Il 21 maggio, 27 parlamentari statunitensi hanno inviato una lettera al Dipartimento di Giustizia degli Stati Uniti per formalizzare la richiesta di indagare sulle filiali della rete internazionale di cliniche abortive Planned Parenthood, che hanno ricevuto prestiti federali per un valore di 80 millioni di dollari da un programma governativo destinato ad affrontare l’emergenza coronavirus.

Il canale Fox News ha reso noto il 19 maggio che 37 filiali dell’organizzazione hanno chiesto e ricevuto 80 milioni di dollari sotto forma di prestiti del Paycheck Protection Program (PPP), misura d’emergenza per aiutare piccole imprese e organizzazioni senza scopo di lucro a sostenere le spese durante la pandemia di Covid-19.

Il programma di prestiti d’emergenza esige che le imprese e le organizzazioni richiedenti abbiano la massimo 500 impiegati. Nel caso di entità minori affiliate a una grande organizzazione nazionale, il conto dei dipendenti considera il totale delle affiliate, il che esclude automaticamente la rete Planned Parenthood.

L’organizzazione possiede quasi 2 miliardi di dollari in patrimonio liquido, rappresentando il maggior conglomerato di cliniche abortive del Paese e probabilmente di tutto il mondo. Perpetra più di 330.000 aborti all’anno solo negli Stati Uniti.

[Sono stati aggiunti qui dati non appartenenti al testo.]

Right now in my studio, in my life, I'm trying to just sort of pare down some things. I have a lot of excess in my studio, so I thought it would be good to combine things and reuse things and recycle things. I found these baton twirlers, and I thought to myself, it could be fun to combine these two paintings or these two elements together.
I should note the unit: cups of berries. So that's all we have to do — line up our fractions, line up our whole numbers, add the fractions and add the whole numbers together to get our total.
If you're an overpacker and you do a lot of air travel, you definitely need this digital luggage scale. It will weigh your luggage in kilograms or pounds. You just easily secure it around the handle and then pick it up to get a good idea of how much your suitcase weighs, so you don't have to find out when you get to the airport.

“Sembra chiaro che Planned Parenthood sapeva di non avere diritto ai prestiti per le piccole imprese in base alla Legge CARES da ben prima che le sue filiali certificassero in modo fraudolento di rispettare i requisiti”, hanno scritto nella loro lettera i 27 senatori repubblicani firmatari. “Le richieste di prestito fraudolente possono portare a sanzioni civili e penali”.

Il presidente del Comitato per le Piccole Imprese del Senato degli Stati Uniti, il senatore repubblicano Marco Rubio, ha sottolineato che “nella legislazione non c’era ambiguità”:

“Organizzazioni come Planned Parenthood, che da sola ha quasi mezzo milione di dollari di attivo, non si inquadrano nel Paycheck Protection Program. Quei fondi devono essere restituiti immediatamente. Oltre a questo, la SBA [sigla in inglese per l’Amministrazione delle Piccole Imprese, organo governativo statunitense] dovrebbe aprire un’indagine per sapere come sono stati concessi questi prestiti, perché hanno violato chiaramente le regole applicabili. Devono essere considerate tutte le vie legali esperibili”.

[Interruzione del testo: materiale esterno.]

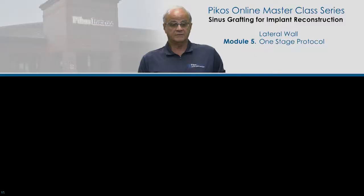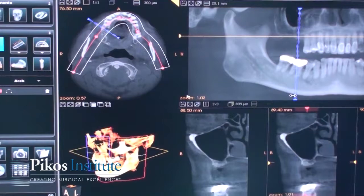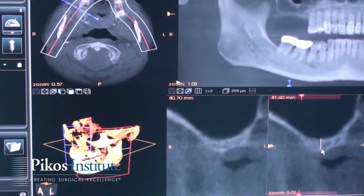Let's look at this video that gives us a good idea of how this protocol works. Looking at this particular distal extension site, we're missing molars. The game plan is to place two implants and do our lateral wall graft at the same time. There's a variation in residual alveolar bone height from maybe three to four millimeters up to six or seven, and that's fine.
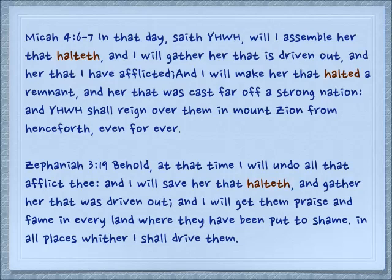In Micah 4:6-7: 'In that day, saith Yehovah, will I assemble her that halteth, and I will gather her that is driven out, and her that I have afflicted, and I will make her that halted a remnant... and Yehovah shall reign over them in Mount Zion from henceforth even forever.' And in Zephaniah 3:19: 'I will save her that halteth, and gather her that was driven out.' In the beginning the first woman — the bride — came from this tzelah, and at the end the remnant comes back tzelah, limping. Behold, it is the bride coming home.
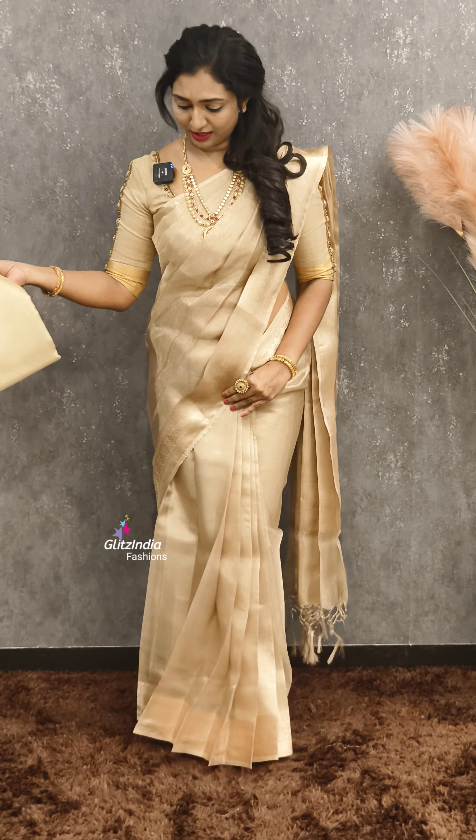It is a beautiful saree. If you want to buy it, book it at www.glitzindia.com. You can contact our website or call 956-255-1075 and 807-551-523.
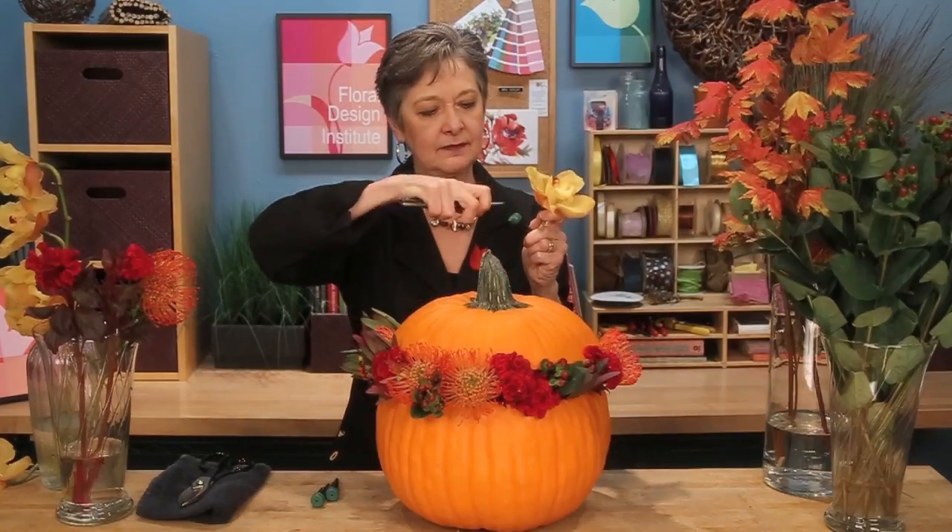Once you have your tapestry in place, come back with orchids to brighten and add a little bit of drama, using a water tube. Give it a cut so it's not too tight, slide that in, and then place it right into the foam with the flowers, adding that little touch of elegance. A few orchids can make all the difference in the world in this particular bouquet.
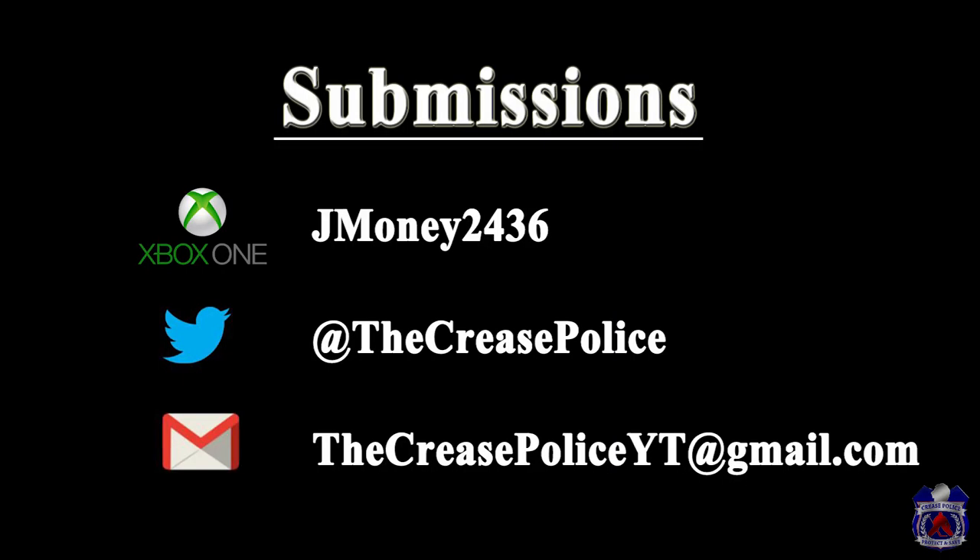If you have a design and you want to be in the next video, you can send your pictures to me in a few ways. If you have an Xbox, you can send it directly to my gamertag — it is jmoney2436. You can send me a tweet at The Crease Police, or you can send me an email. My email address is thecreasepoliceyt@gmail.com.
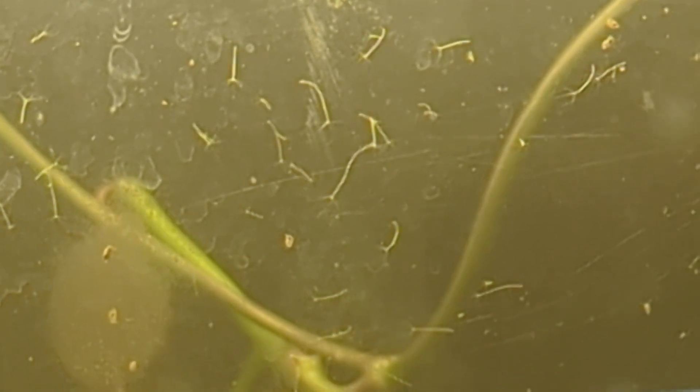Yeah, there are two of them right now. We call them daughters — they're not really male/female in the sense that we think, but we call that mother-daughter reproduction. The little bit of dirty glass actually helps here because we're able to focus on the glass pretty easily.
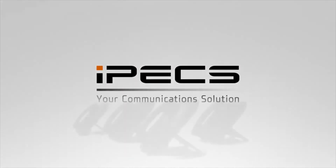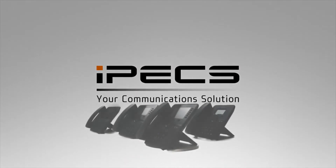For more information on advanced features of your Ericsson LG IPEX 1050i series handset, please speak to your communications provider.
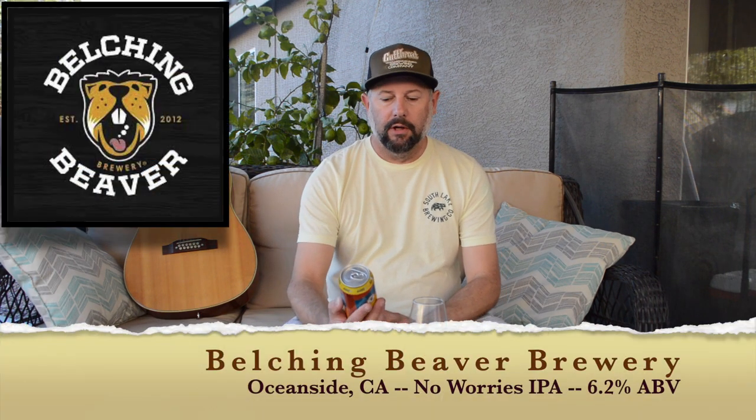Welcome back to DigiCare Reviews. Today I'm trying Belching Beaver Brewery out of Oceanside, California. This one is called No Worries IPA. This is a West Coast India Pale Ale and it's 6.2% alcohol.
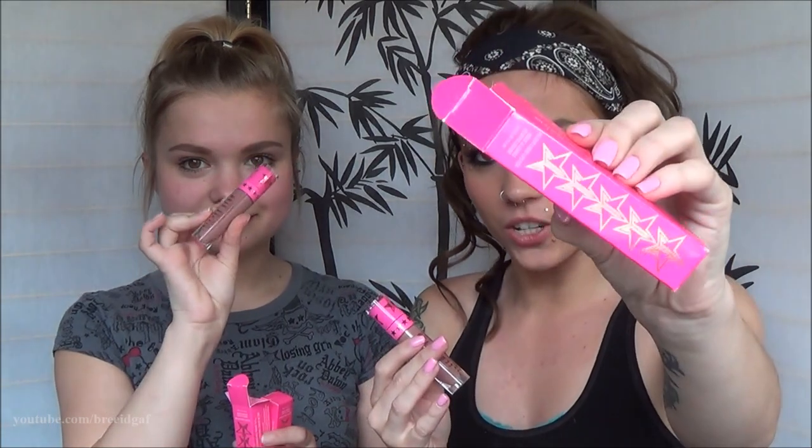So I got my sister Celebrity Skin and Unicorn Blood, and I got myself Celebrity Skin. If you have not heard about these, then you have obviously been living underneath a rock, because they are very, very popular among the beauty community right now. So here is what they look like. They come in the little pink packaging with little J's on it — Jeffree Star Cosmetics — and it comes with this lovely picture of him. Oh my god, he's gorgeous.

Sulla stessa linea, il senatore repubblicano Josh Hawley ha dichiarato via Twitter:

“Il denaro dev’essere recuperato, e se qualcuno falsifica coscientemente le richieste dev’essere processato”.

Il 30 aprile, 94 membri del Congresso statunitense avevano già affermato che in base alle regole della SBA le affiliate di Planned Parenthood hanno un’amministrazione comune, e quindi non possono ricevere i prestiti del programma PPP perché hanno circa 16.000 dipendenti in tutto il Paese.

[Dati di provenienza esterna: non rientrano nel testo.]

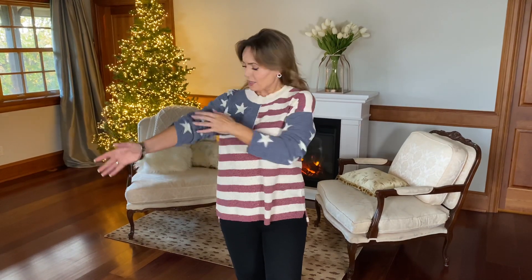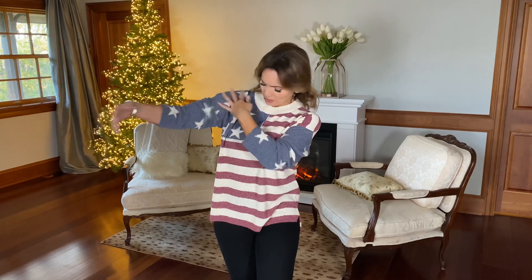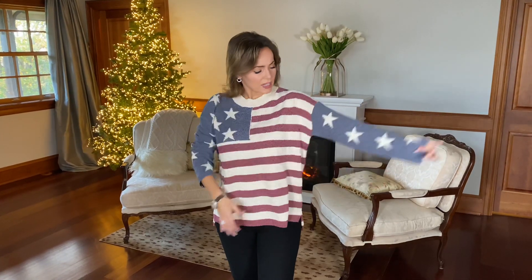This will go any season — I can wear this in the summer, I can wear this in the winter, I can wear this anytime and it's just a great classic piece. You have the stars here on your right arm and they go into the field and then they kind of finish out your left sleeve. But other than that, it's just the great stripes all the way around.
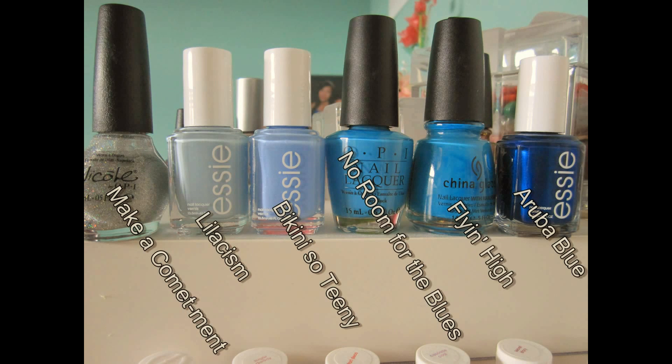Hi YouTube! For this look, you're going to need five different shades of one color. Here I'm using blue, and you also need some sort of a glitter top coat.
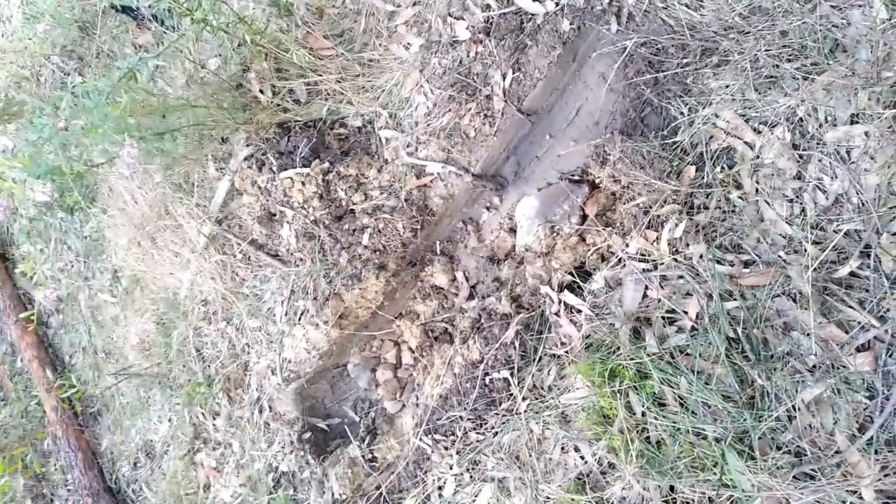Anyway, I'm getting out of here because there's a few bull ants lying around. We'll catch you all later — thanks for watching.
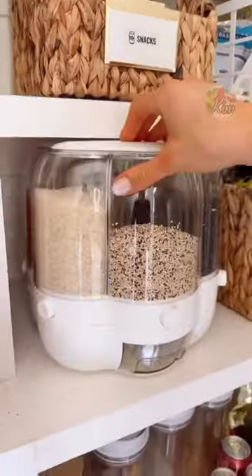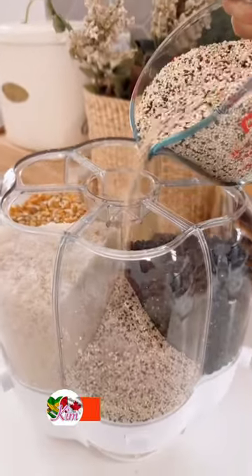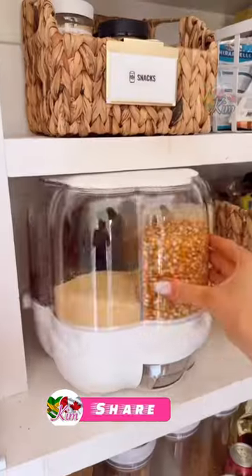This is a 360-degree rotating grain, bean, and rice dispenser. The wide top makes it easy to refill. It holds up to 18 pounds and six different grains. The space-saving design is perfect on a counter or in a pantry.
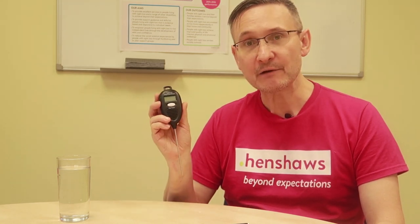So that is a talking thermometer. You can get it from the RNIB, but you can get it from various places as well. So yeah, check them out — if it's good for you, it's good for me. I'll see you again. Thank you.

Planned Parenthood non sarebbe la prima istituzione a dover restituire il prestito destinato a piccole imprese e organizzazioni senza scopo di lucro: Shake Shack, una rete di fast food, quotata alla Borsa di New York, ha dovuto restituire i 10 milioni di dollari che aveva ricevuto.

Le informazioni presentate sul tema provengono dall’agenzia ACI Digital.

Va ricordato che le polemiche non solo morali, ma anche penali non sono una novità per Planned Parenthood, già accusata perfino di traffico di organi di bambini abortiti.